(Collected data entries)
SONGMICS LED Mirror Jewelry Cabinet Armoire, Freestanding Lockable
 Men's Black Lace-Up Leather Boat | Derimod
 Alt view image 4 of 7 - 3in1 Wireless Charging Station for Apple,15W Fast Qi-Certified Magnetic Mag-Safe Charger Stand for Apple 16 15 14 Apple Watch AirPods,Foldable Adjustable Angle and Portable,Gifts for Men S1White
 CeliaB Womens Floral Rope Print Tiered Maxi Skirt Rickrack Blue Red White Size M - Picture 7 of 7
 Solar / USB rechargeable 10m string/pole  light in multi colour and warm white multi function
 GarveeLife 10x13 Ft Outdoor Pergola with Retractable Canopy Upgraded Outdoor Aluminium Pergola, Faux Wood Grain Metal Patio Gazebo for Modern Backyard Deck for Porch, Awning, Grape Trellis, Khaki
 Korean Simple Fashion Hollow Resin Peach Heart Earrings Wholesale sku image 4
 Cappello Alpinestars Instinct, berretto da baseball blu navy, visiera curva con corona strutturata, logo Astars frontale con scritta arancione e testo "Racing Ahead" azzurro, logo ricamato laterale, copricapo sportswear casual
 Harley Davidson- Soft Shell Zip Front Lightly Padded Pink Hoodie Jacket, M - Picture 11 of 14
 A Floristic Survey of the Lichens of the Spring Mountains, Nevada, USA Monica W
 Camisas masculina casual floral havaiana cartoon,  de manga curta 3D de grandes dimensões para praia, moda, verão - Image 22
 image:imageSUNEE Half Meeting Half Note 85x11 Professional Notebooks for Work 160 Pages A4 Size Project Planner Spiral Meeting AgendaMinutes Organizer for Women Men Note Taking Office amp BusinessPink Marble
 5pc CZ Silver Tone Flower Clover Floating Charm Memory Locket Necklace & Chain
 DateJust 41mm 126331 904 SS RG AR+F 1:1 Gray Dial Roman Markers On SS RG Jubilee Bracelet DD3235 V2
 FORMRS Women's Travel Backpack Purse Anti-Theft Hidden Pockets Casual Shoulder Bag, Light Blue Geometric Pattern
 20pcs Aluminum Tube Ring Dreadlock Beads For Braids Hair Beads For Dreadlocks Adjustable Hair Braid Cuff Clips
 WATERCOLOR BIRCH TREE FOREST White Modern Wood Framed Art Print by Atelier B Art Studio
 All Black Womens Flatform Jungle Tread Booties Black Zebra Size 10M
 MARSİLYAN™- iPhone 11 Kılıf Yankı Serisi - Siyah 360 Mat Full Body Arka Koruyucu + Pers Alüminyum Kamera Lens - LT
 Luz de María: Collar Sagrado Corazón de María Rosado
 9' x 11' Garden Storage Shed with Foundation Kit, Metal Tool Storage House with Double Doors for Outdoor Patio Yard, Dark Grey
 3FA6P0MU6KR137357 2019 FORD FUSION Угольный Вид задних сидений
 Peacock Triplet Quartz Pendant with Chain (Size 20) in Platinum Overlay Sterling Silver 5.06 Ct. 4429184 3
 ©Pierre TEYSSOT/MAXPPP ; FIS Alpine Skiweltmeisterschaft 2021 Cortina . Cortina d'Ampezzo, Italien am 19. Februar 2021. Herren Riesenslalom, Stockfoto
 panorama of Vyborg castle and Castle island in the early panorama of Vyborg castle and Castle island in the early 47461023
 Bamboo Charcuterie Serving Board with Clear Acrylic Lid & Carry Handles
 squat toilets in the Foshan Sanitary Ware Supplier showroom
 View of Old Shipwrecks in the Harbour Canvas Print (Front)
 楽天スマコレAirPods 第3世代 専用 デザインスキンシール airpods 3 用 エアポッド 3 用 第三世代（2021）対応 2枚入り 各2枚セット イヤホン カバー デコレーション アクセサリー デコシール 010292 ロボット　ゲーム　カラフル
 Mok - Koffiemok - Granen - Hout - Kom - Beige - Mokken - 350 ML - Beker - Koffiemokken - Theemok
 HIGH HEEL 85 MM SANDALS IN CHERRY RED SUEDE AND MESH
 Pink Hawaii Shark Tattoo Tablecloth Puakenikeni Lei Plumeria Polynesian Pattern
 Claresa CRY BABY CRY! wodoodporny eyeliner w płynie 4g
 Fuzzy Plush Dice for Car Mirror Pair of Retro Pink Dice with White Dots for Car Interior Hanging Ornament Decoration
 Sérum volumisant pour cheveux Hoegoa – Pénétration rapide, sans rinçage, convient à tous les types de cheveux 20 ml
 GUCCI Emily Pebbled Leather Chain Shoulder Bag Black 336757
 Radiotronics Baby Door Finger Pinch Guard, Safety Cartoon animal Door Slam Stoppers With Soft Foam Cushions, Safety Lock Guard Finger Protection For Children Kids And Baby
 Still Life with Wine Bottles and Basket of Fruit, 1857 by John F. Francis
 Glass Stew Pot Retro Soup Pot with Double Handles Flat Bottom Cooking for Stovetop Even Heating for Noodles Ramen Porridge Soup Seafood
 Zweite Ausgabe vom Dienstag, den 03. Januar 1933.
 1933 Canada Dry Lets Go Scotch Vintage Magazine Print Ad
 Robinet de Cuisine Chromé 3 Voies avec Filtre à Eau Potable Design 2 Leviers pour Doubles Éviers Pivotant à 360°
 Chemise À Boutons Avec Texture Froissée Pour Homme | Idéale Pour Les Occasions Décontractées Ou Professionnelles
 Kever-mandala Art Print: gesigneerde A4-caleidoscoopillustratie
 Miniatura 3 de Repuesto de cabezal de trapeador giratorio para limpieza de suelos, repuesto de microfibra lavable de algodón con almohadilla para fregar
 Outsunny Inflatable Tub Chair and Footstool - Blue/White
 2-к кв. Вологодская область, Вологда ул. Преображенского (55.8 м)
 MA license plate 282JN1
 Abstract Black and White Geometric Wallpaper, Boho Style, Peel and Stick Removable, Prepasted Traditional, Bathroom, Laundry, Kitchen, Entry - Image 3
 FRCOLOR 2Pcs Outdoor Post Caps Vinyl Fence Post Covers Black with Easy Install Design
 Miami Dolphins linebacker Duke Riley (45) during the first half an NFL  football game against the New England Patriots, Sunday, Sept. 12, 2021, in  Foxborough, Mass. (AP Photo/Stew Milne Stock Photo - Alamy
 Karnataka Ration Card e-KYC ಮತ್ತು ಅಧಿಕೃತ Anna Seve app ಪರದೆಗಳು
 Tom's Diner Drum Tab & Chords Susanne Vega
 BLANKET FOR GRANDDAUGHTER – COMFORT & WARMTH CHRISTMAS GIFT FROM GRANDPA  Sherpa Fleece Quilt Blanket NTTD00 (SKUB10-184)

* [TASK REQUIREMENTS]: From the records above, copy each line in which the string "Patio" occurs.

* [RESPONSE BELOW]:
 GarveeLife 10x13 Ft Outdoor Pergola with Retractable Canopy Upgraded Outdoor Aluminium Pergola, Faux Wood Grain Metal Patio Gazebo for Modern Backyard Deck for Porch, Awning, Grape Trellis, Khaki
 9' x 11' Garden Storage Shed with Foundation Kit, Metal Tool Storage House with Double Doors for Outdoor Patio Yard, Dark Grey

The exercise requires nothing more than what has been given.